## What is needed:
Begin at the line containing "Maison à vendre" and retype each line through the end of the records exactly. Include nothing else and no pictures.
..........
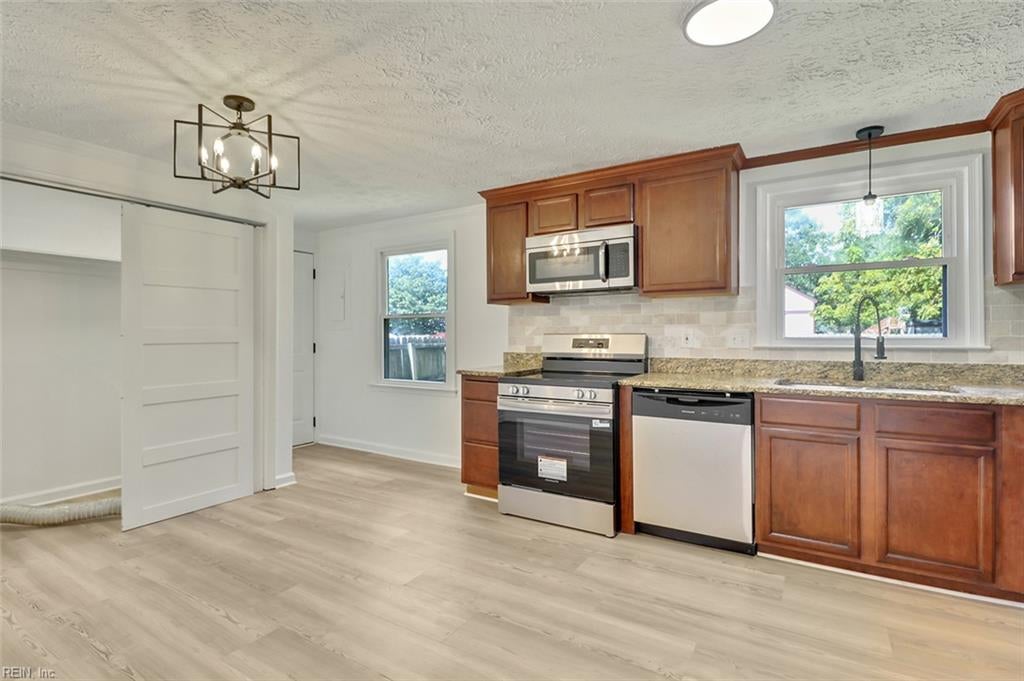 2403 Shell RD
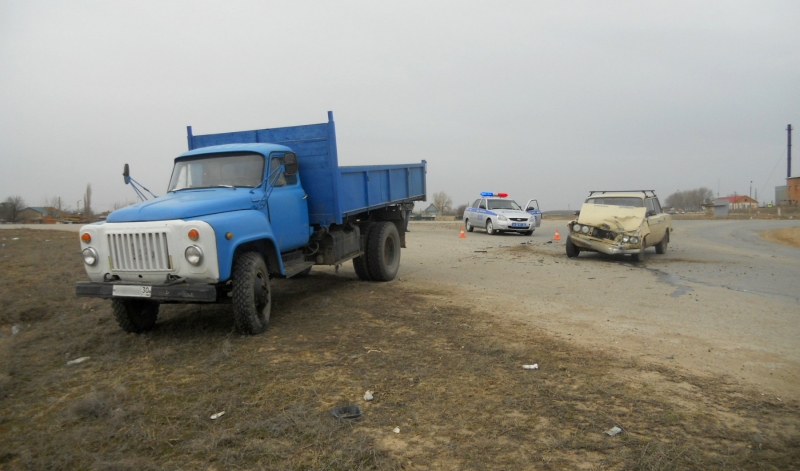 Под Астраханью на встречной полосе столкнулись грузовик и легковушка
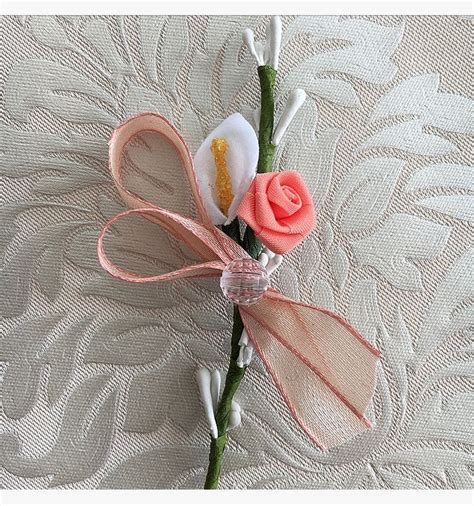pin  rozi  flori nunta wedding band accessories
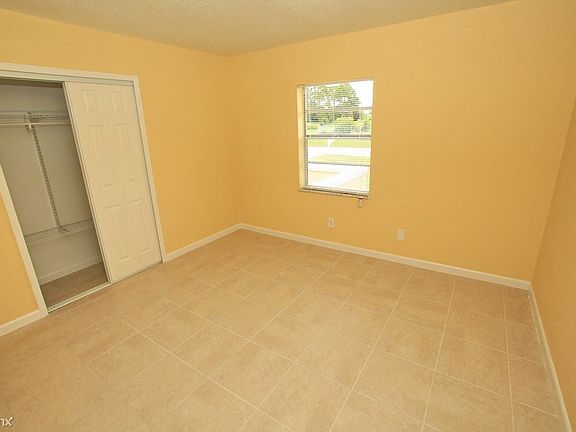 5th image of 392 NW Ferris Dr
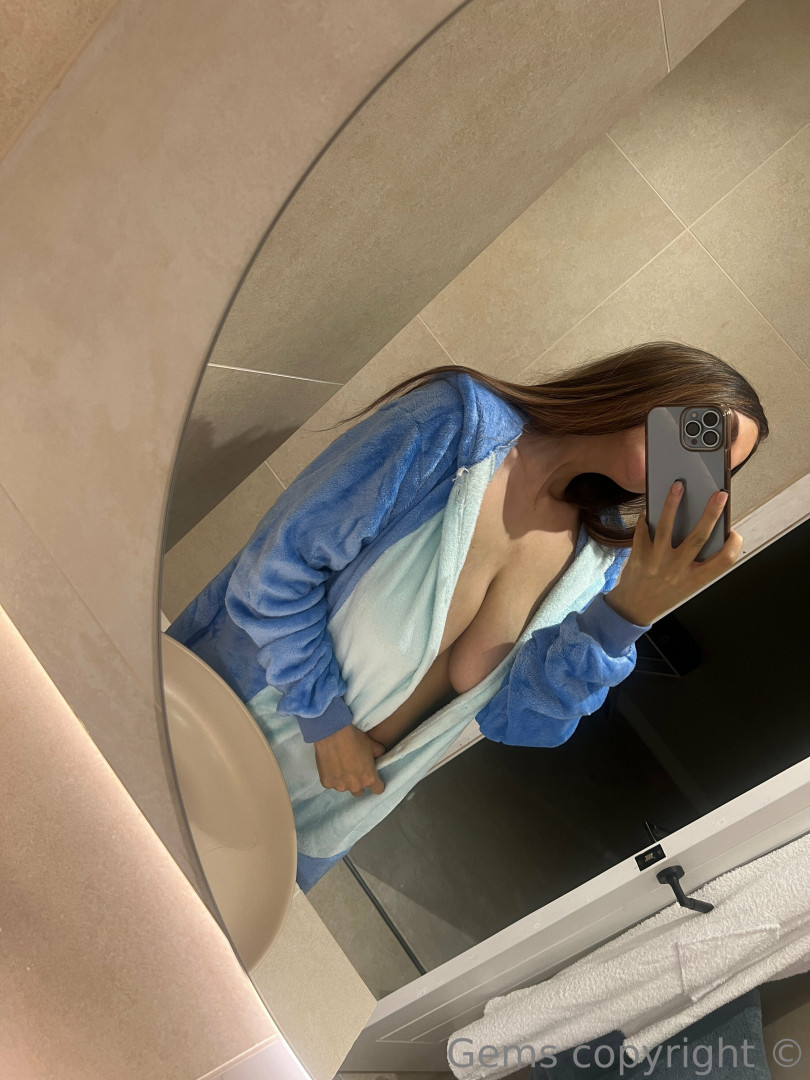 Photo by gem101 published on June 28,2023 00:05:19 - BestThots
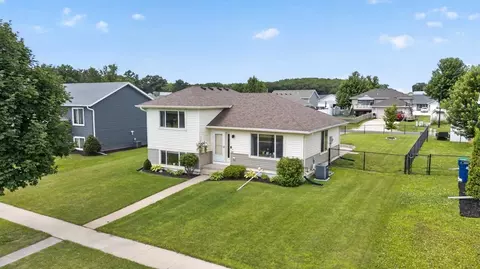 522 Brook Ave, Saint Charles, MN 55972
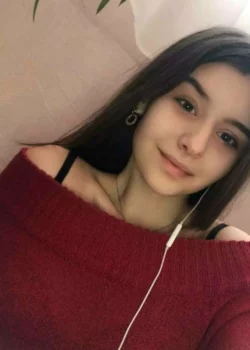 Emily, linda putita con cara de inocente 15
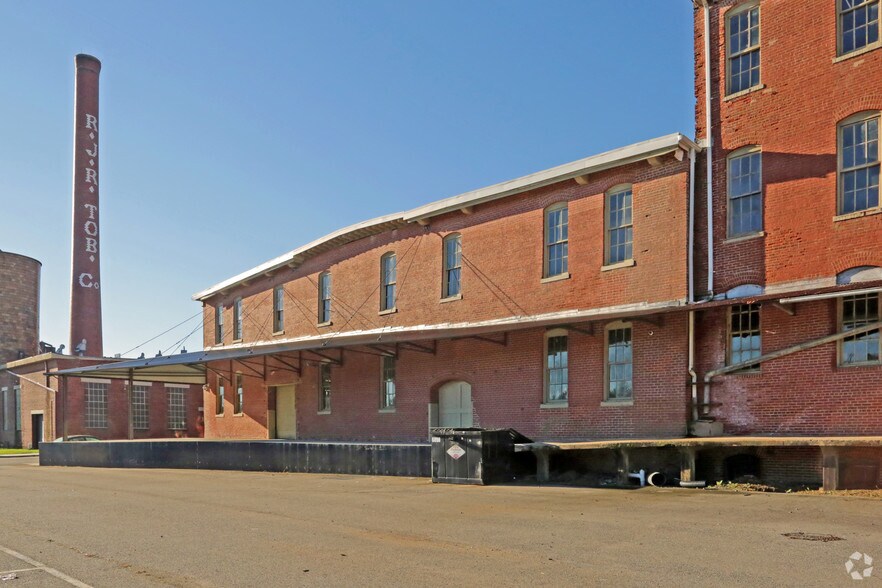 More Photos Of 110 Newton St, Danville Warehouse For Sale
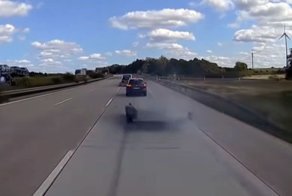 Впечатляющая авария на автобане в Германии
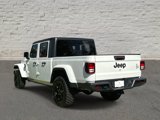 Used 2023 Jeep Gladiator Willys image 2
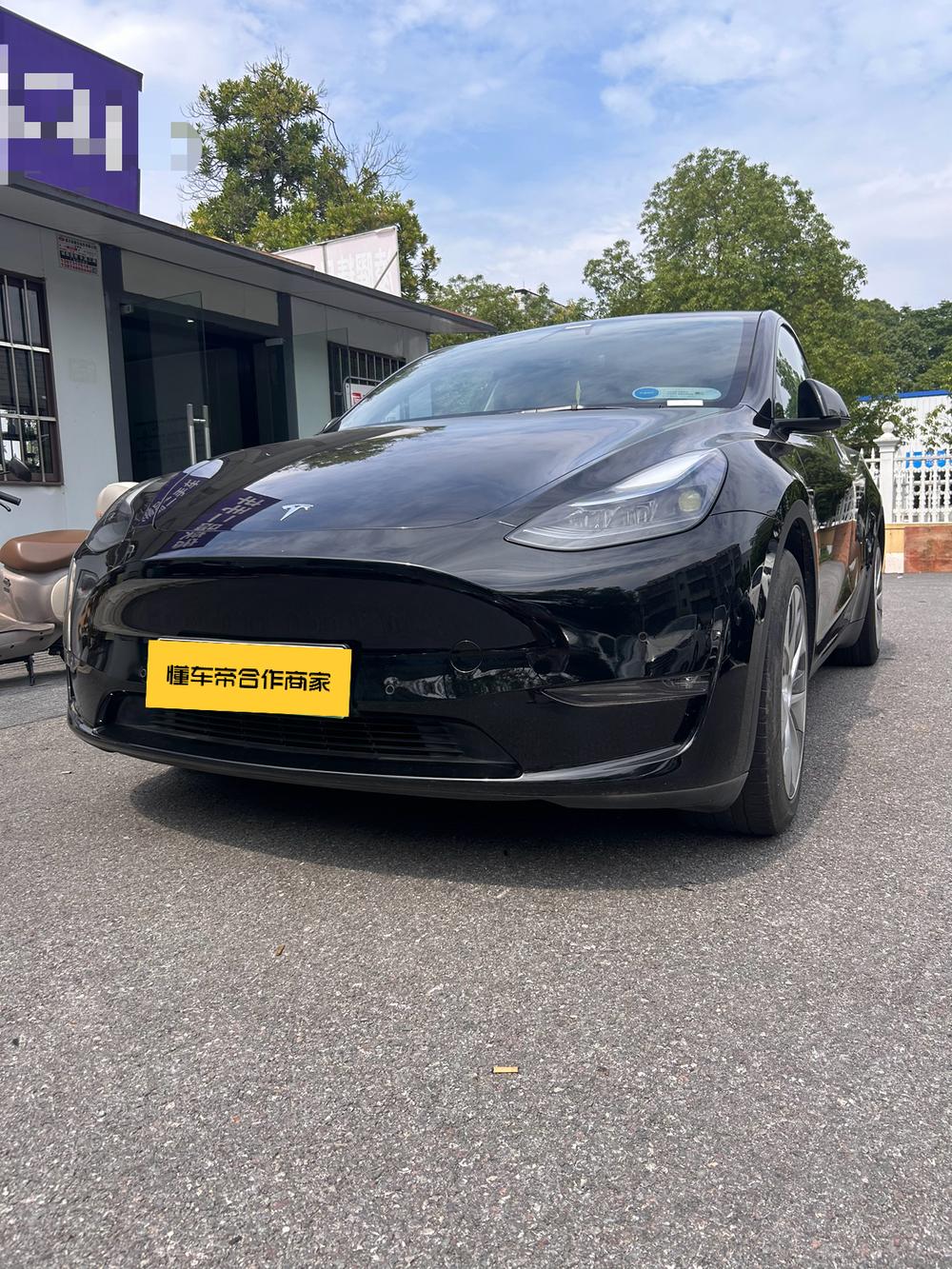 Tesla Model Y 2022 Tesla Model Y 2022 car image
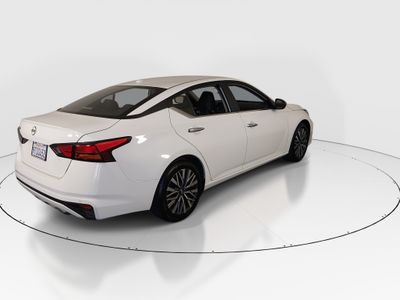 2025 Nissan Altima — photo 7 view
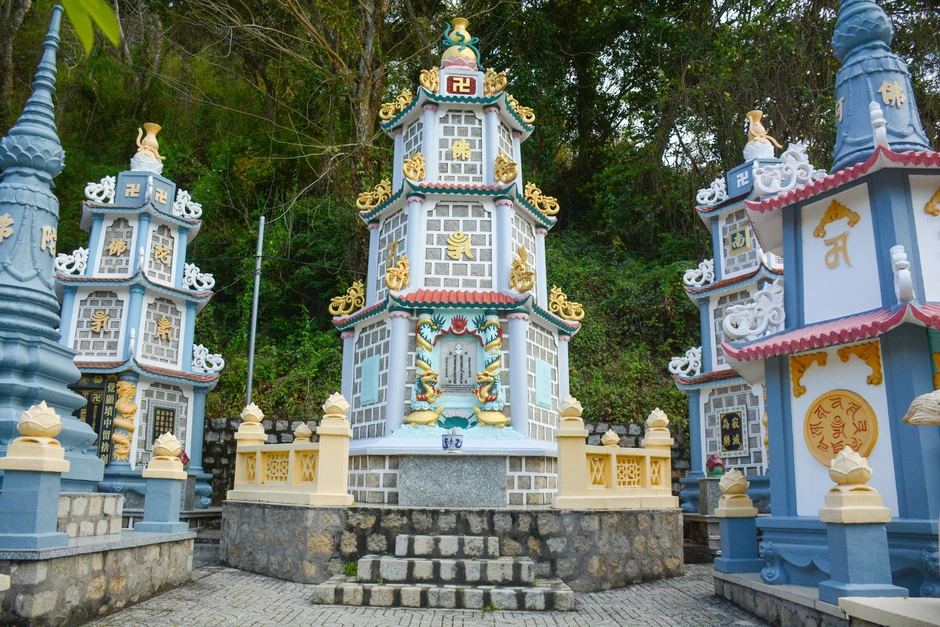 Hòa thượng Huệ Đăng 'lấy gió làm quạt' tĩnh tu thạch động Thiên Thai 121 năm trước Hòa thượng Huệ Đăng 'lấy gió làm quạt' tĩnh tu thạch động Thiên Thai 121 năm trước
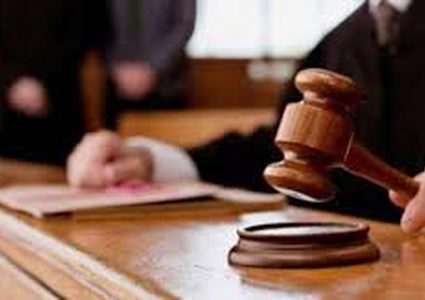 الأشغال الشاقة المؤبدة لمدانين بتهمة القتل العمد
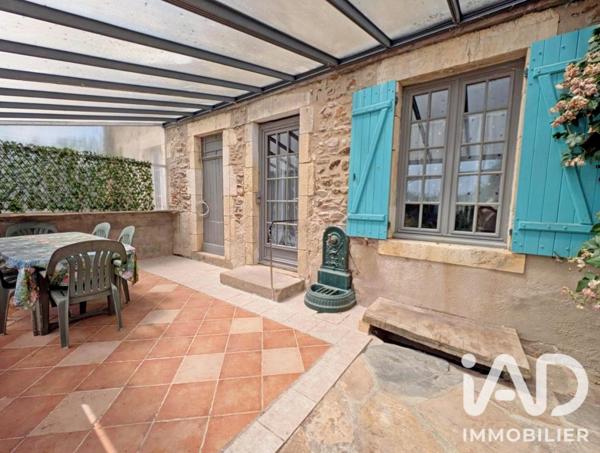 Maison à vendre 4 pièces 136 m² Saint-Denis-de-Jouhet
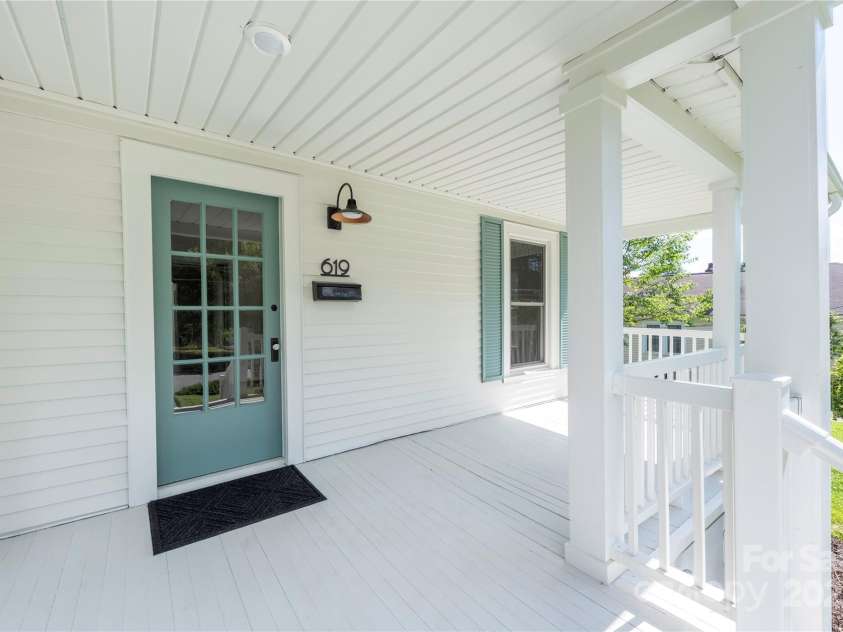 619 Oak Street, Mooresville, NC 28115.  MLS# CAR4274443, YatesRealty ID 34787.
..........
## Problem solution:
 Maison à vendre 4 pièces 136 m² Saint-Denis-de-Jouhet
 619 Oak Street, Mooresville, NC 28115.  MLS# CAR4274443, YatesRealty ID 34787.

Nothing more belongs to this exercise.